- _Recorded data_:
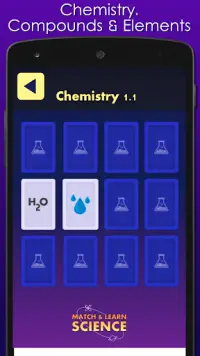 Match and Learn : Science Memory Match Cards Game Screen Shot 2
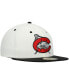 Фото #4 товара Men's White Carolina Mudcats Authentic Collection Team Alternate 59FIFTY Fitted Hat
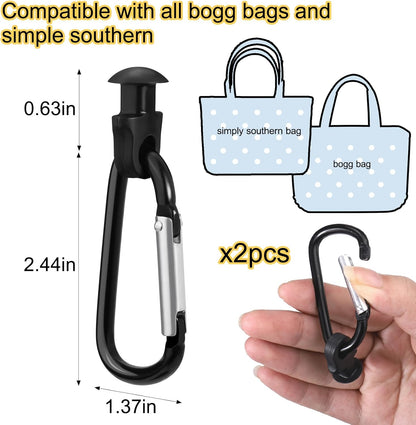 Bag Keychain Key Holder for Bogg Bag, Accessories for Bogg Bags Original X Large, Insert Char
--
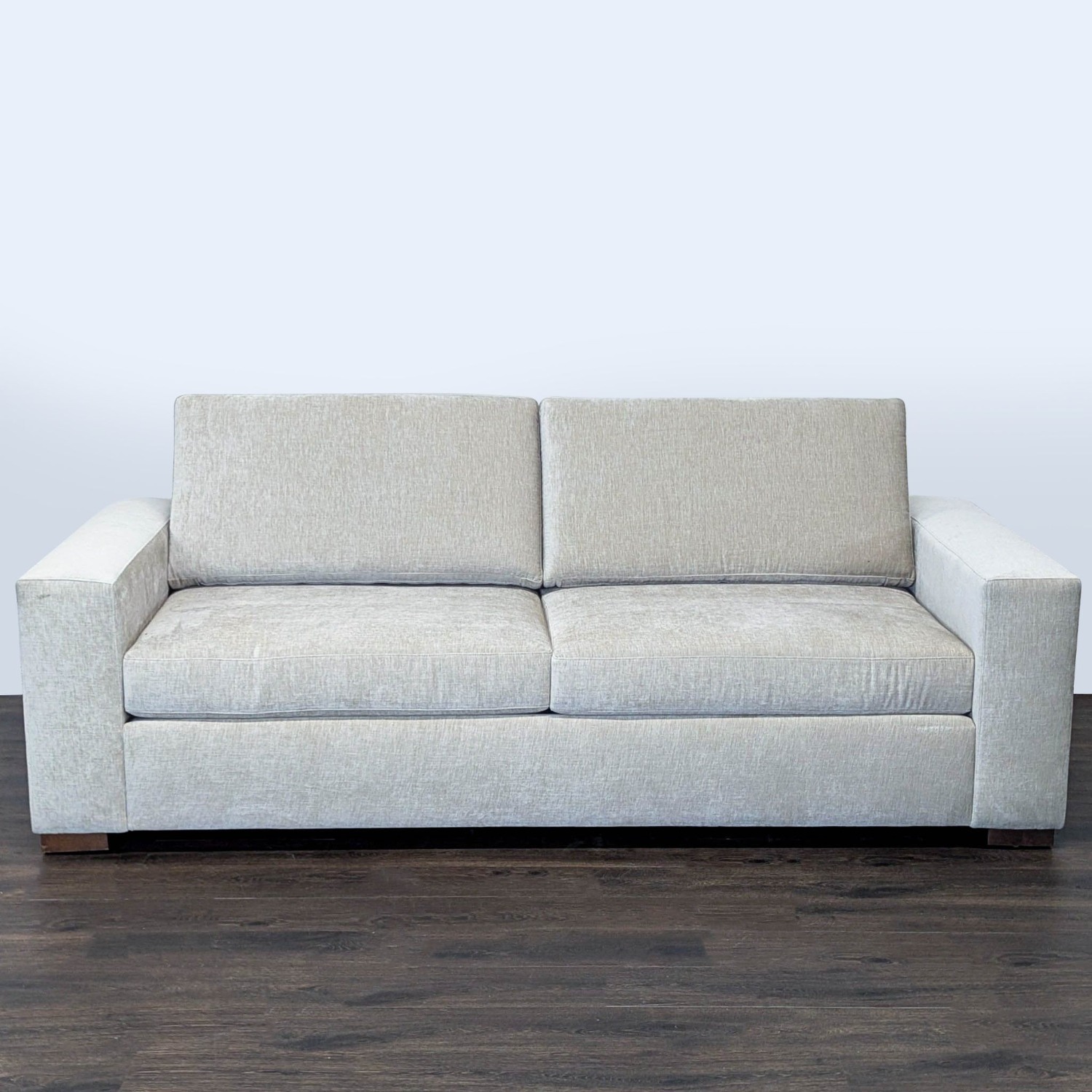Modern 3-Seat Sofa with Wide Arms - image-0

- _Exercise requirements_: In the material above, the stretch from the line with "Фото #4 товара" through the line with "Bag Keychain Key" is to be given again exactly, minus the pictures.

- _Exercise result_:
 Фото #4 товара Men's White Carolina Mudcats Authentic Collection Team Alternate 59FIFTY Fitted Hat
 Bag Keychain Key Holder for Bogg Bag, Accessories for Bogg Bags Original X Large, Insert Char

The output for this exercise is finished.